I found the same mistakes, like present tense, tags, and sentence structure. The plot and characters were great, though there's a few parts that I think could personally be a little clearer. Sorry if I seem a little picky.
One of them is the beginning. I didn't understand what you meant by that (of course me not understanding something isn't saying much =P). Did the bell ring? Did they only have a minute to get to class? It looked like they were late, but I couldn't quite tell. Also, I thought they got to school early. Forgive me if I'm missing something.
The second was how Markus grinning reminded Chris of the Philippines. You mentioned not having to be shocked by American culture, but how does a grin remind someone of that?
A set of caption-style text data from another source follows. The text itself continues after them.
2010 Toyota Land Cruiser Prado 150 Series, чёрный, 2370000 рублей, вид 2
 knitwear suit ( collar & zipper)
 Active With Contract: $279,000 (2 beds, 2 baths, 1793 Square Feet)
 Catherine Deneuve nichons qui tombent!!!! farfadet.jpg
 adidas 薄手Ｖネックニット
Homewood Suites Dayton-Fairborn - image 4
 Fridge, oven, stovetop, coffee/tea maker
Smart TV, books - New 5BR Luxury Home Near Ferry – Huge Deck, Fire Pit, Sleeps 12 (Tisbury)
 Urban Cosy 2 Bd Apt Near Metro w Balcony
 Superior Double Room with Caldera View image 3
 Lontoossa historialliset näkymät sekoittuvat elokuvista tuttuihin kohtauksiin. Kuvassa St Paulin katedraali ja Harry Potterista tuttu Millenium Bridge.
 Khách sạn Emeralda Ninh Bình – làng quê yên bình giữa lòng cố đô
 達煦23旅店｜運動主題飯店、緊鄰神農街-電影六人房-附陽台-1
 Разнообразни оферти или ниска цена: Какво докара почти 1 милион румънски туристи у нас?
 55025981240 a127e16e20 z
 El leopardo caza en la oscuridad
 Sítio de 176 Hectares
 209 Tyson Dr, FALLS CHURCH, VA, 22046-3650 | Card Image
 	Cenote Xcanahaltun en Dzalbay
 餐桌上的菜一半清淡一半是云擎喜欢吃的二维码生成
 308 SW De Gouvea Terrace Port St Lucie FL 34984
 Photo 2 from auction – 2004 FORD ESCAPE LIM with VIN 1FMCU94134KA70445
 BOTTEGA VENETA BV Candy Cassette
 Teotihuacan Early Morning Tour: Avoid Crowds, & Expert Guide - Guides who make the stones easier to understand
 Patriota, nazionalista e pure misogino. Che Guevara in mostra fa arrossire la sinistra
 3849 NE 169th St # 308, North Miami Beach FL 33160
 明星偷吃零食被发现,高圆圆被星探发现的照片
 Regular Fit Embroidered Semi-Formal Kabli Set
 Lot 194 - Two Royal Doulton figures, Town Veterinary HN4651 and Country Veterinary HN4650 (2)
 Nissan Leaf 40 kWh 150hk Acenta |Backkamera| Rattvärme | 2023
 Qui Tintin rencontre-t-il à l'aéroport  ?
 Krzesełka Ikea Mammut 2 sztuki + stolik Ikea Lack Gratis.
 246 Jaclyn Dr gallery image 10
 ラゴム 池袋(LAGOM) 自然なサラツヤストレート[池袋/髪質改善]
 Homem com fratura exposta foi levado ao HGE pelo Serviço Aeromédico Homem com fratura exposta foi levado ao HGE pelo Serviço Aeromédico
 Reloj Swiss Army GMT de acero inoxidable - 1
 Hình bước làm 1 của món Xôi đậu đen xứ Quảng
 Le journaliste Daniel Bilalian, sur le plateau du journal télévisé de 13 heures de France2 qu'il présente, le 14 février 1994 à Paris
Does he remind her of someone from back home?
Another one was when Chris wanted to research what would happen if she mixed salicylic acid and resorcinol combined with zinc oxide and precipitated sulfur. I didn't understand at first. It might be clearer if you change "if" to "finding out whether".
Lastly, the part with Markus's hiding spot was a bit strange for me. What did he replace the books with? By untouched did you mean unread? Is the spot an open space behind the books, and if so wouldn't someone see the dolls if they pulled away the books?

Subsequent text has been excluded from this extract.